>>19612876 (lb/pb)
It won't end well:
https://www.theburningplatform.com/2023/09/21/black-people-and-morality/
Black people kill people at an extraordinary rate: in America, more than twenty times the rate of Whites.[21]They can do it in gruesome ways and for no good reason. In 2022 a 73-year-old American woman died after her arm was separated from her body when she was dragged almost a block with it caught in the seat belt of her car, driven by a young Black man who with three others had surprised her by jumping into it.[22]
All with pending murder charges, they were aged fifteen to seventeen. In Britain a young Black man stabbed a young White man to death on a bus for trying to stop him throwing potato chips at his girlfriend. Another killed a White man by bringing an iron horseshoe down on his head at a railway station after his victim’s brother had asked a member of his group to turn his music down on the train.[23]

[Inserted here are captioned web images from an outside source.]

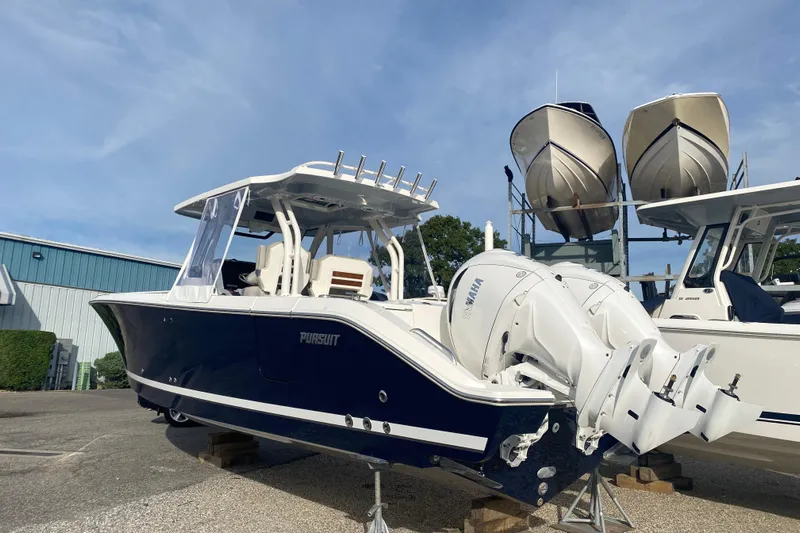  Yacht Photos Pics 2024 Pursuit S 328 Sport boat with dual Yamaha engines, displayed outdoors.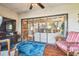 Bright sunroom featuring comfortable seating, a blue rug, and large sliding glass doors to the outside at 7623 Radcliffe Cir # 112A, Port Richey, FL 34668
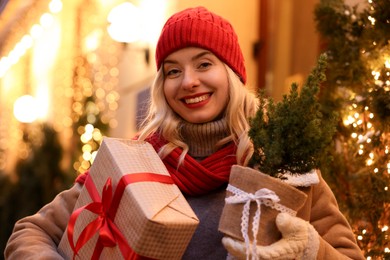 Photo of Happy woman with Christmas gift and thuja tree on city street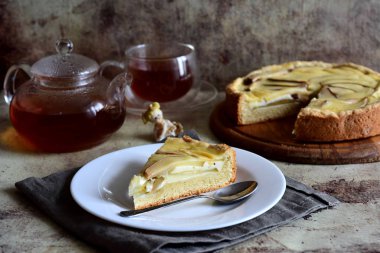 Ahşap bir tabakta lezzetli armut turtası, bir fincan sıcak çay, gri arkaplanda çay olan çaydanlık.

Black people can take pleasure in gratuitous cruelty. The details of “necklacing”, said to have been Winnie Mandela’s favourite means of murder, are too grim to go into here; suffice it to say that spectators count it as a good thing that death takes quite a long time to come.[24] Braun quotes a press report on the trial of four young Black men who in 1993 killed an American woman, Amy Biehl, apparently because she was White, who was in South Africa trying to help Black people. When a witness told the court how the battered woman groaned in pain, the killers’ friends in the public gallery burst out laughing.[25]
No one who had read Sir Richard Burton’s accounts of his travels in Africa would have been surprised. He noted that for the African, cruelty seemed a necessary part of life: “all his highest enjoyments are connected with causing pain and inflicting death”.[26] Burton could not believe that this was only because Africans knew nothing of civilisation; he saw them as a case of arrested development, which had left them with “all the ferocity of the carnivore [and] the unreflecting cruelty of the child”. He compared the way they tortured and killed their prisoners to the way English boys tormented and killed cats.
One morning in the 1800s, a Westerner named Thomas Freeman saw lying in an African street “the mangled corpse of a poor female slave, who had been beheaded during the night”.[27] Later he saw natives dancing round the body “in the very zenith of their happiness”. Thomas Hutchinson, an Anglo-Irish explorer, wrote in 1857 that Africans appeared to take pleasure in cruelty. “The sight of suffering seems to bring them an enjoyment without which the world is tame.”[28]
Worth remembering, especially in view of the dogma of essential racial equality, is the statement made by Geoffrey Gorer in 1935 that a White man can no more think like a Black man than he can think like a bee.[29] Gorer did not see Africans as childlike, incidentally; he thought they were raving mad, “far madder than most of the inhabitants of our asylums”. Yes, at times they could act in a fairly normal fashion, but, he pointed out, so could many maniacs.